Matthew 19:6 — "Wherefore they are no more twain, but one flesh. What therefore God hath joined together, let not man put asunder."
1 Corinthians 6:16 — "What? know ye not that he which is joined to an harlot is one body? for two, saith he, shall be one flesh."
Ephesians 5:31 — "For this cause shall a man leave his father and his mother, and shall be joined unto his wife, and they two shall be one flesh."
Modern marriage culture treats marriage as contract; Scripture treats it as one-flesh union effected by God.
Christ's addition in Matthew 19:6 is decisive: God hath joined together. Marriage is not mutual ratification; it is divine joining. The flesh-union is a fact God creates; the spouses do not assemble it; they receive it.

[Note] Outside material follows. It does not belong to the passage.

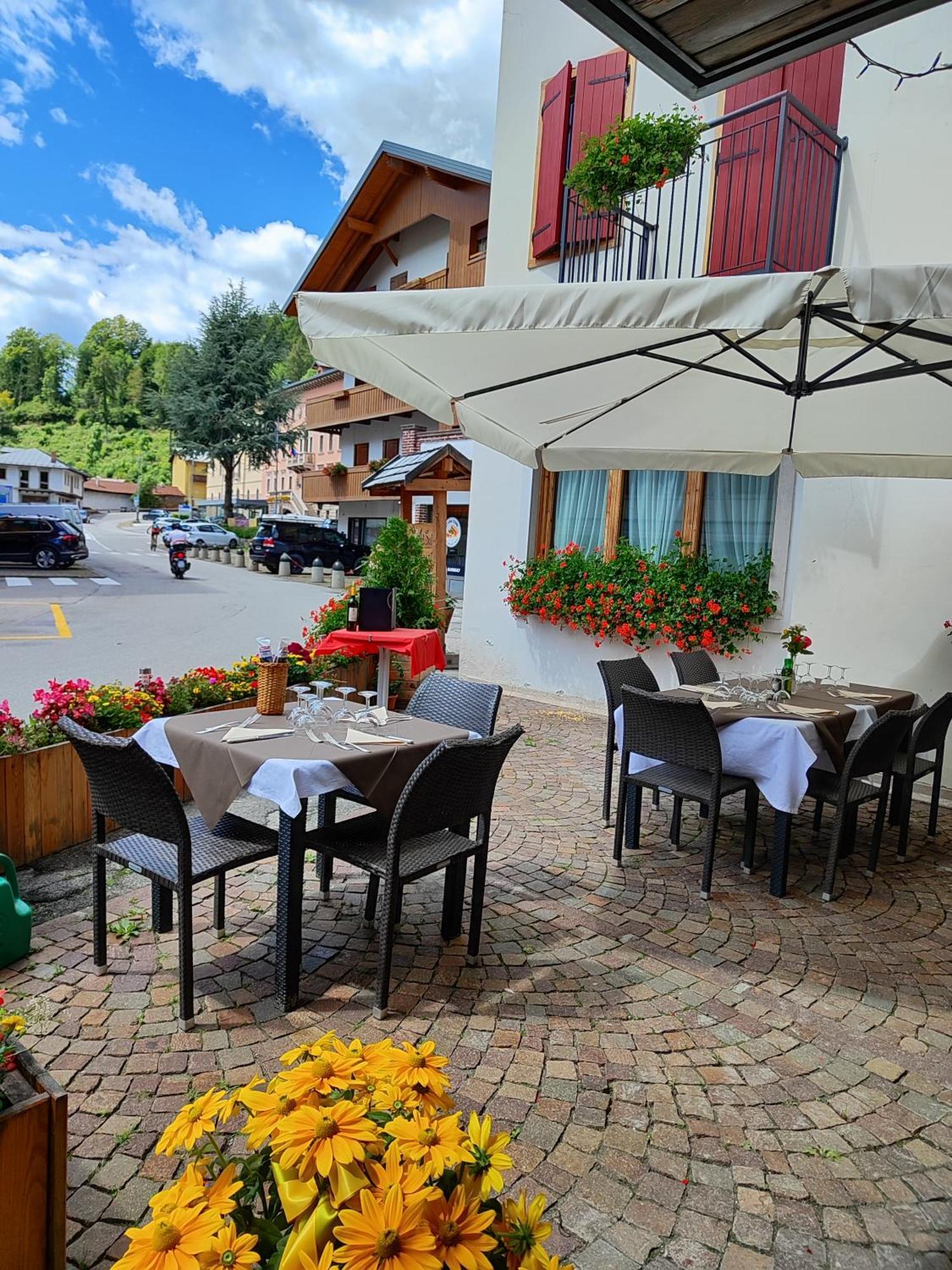 Al Sole Hotel Ristorante Dal 1870 皮耶韦迪卡多雷 外观 照片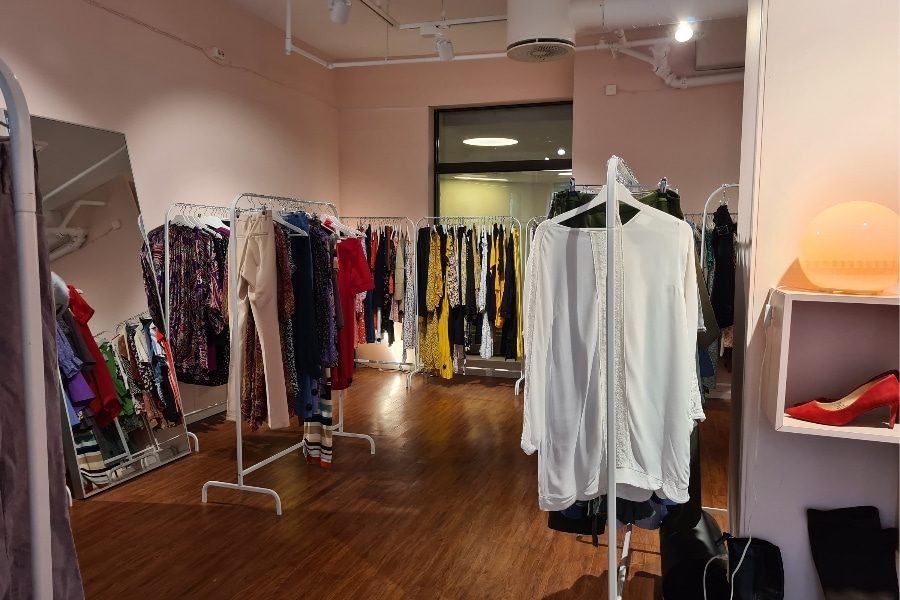 Mange stativ med klær hos Cirkulær i Universitetsgata.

Hence divorce's seriousness. Let not man put asunder what God has joined. The household's long defense of the marriage is honoring the divine joining that exceeded human powers to create.
Hebrew basar echad — one flesh.
Hebrew basar — flesh, body.
Hebrew echad — one; the same word for the LORD's oneness in the Shema (Deut 6:4).
"Marriage is not mutual ratification; it is divine joining."
"The flesh-union is a fact God creates; the spouses receive it."
"Long defense of marriage honors what exceeded human powers to create."